Generally speaking, our neighbors are earnest, level-headed and stoic. There are at least two obvious reasons for this temperament. First, the local people have a history that is longer than American history and characterized by brutal injustice and repression. They've been through worse than our government could ever do. Second, Mexico is currently experiencing a boom in industry, tourism and culture. Prosperity is on the upswing, so the politically expedient remarks of a famous liar are easily shrugged off.
For a more seasoned perspective, we reached out to longtime friend of Yucatan Living, Mitch Keenan. He has over 20 years experience living in the Yucatan and offered the following thoughts.
One night, a traveler came upon the gate of a walled town. He called out and the guard of the gate answered, “To where do you travel stranger?”
“I am seeking a good town in which to reside.” Replied the traveler. “What are the people like in this town?”
“Tell me stranger, what were the people like in the town where you lived?” Asked the guard.
“They are terrible people - mean, gossipy, rude. Ill-mannered and unseemly in all regard.” Replied the traveler.
“Unfortunately stranger, the people here are very much the same. Be away with you. You’ll not like this town.”
A few nights later another stranger approached the same gate and the same guard. He asked a question similar to the previous traveler and the guard responded in kind:
“Tell me stranger, what were the people like in the last town you’d lived?”
“The people in my town were wonderful; kind, generous and decent people. I’ll miss them dearly. I would have stayed in that town, but my trade requires that I travel and this town is closer to my clients.”
Opening the gate, the guard replied, “Welcome stranger, you will find the people of this town to be like the people in the town you have come from; kind, generous and decent people.”
- A Traveler’s Parable
3 Quick Anecdotes
1. In 2001 The WTC buildings were destroyed by a terrorist attack. The terrorists were Saudis. My friend Ahmed, lived in NYC and is originally from Saudi Arabia. I was curious if he felt like Americans were treating him differently since the attack.
He told me, “People treat me the same. There is your run of the mill racist and bigots that give off negative energy, but for the most part, the American people are kind and accepting of me. I don’t feel maligned.”
2. Fidel Castro was roundly deplored and excoriated by the US government and most US citizens for decades, but Cubans that fled to America were welcomed and received financial assistance to help them assimilate.
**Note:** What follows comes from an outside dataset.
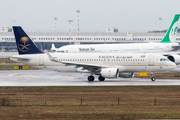 Saudi Arabian Airlines Airbus A320-214 (HZ-AS62) at  Milan - Malpensa, Italy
3. For many years the USSR was America’s greatest enemy. Russians were constantly portrayed in Hollywood movies as bad guys. Despite American culture's general distrust of the USSR's intentions, I never heard any American say they hated Rudolf Nureyev, Natalia Makarova, Mikhail Baryshnikov, Martina Navratilova (Czechoslovakia) and Nadia Comaneci (Romania).
For the most part, Americans have broadly embraced and accepted peoples from all over the world despite the reputations of their country’s leaders, geographic differences or battles. The same is true of Mexico.
Culturally, Mexico is different from the USA: Mexicans are more laid back, more approachable and more welcoming than their neighbors to the North. Mexicans understand what it is like to have an unpopular President. The current President, Enrique Peña Nieto, has an approval rating even lower than Trump. The Mexican people have been dealing with unpopular politicians for decades and decades. Mexicans are empathetic to the pain and shame that many Americans feel about the current US Administration and it’s unfriendliness towards Mexico.
US citizens are welcome in Mexico. Speaking as a Mexican, we understand your pain. Speaking as an Expat American, in the 35+ years I have traveled throughout and lived in Mexico, I have very rarely felt any negative opinions of me based on nationality. On rare occasions you’ll encounter a racist and bigoted Mexican, but they are few and far between.
Mitchell Jay Keenan, CRS
A dual citizen of Mexico and the USA. He grew up in Colorado and Kansas. Keenan has lived, worked and played in Yucatan, Mexico for over 20-years.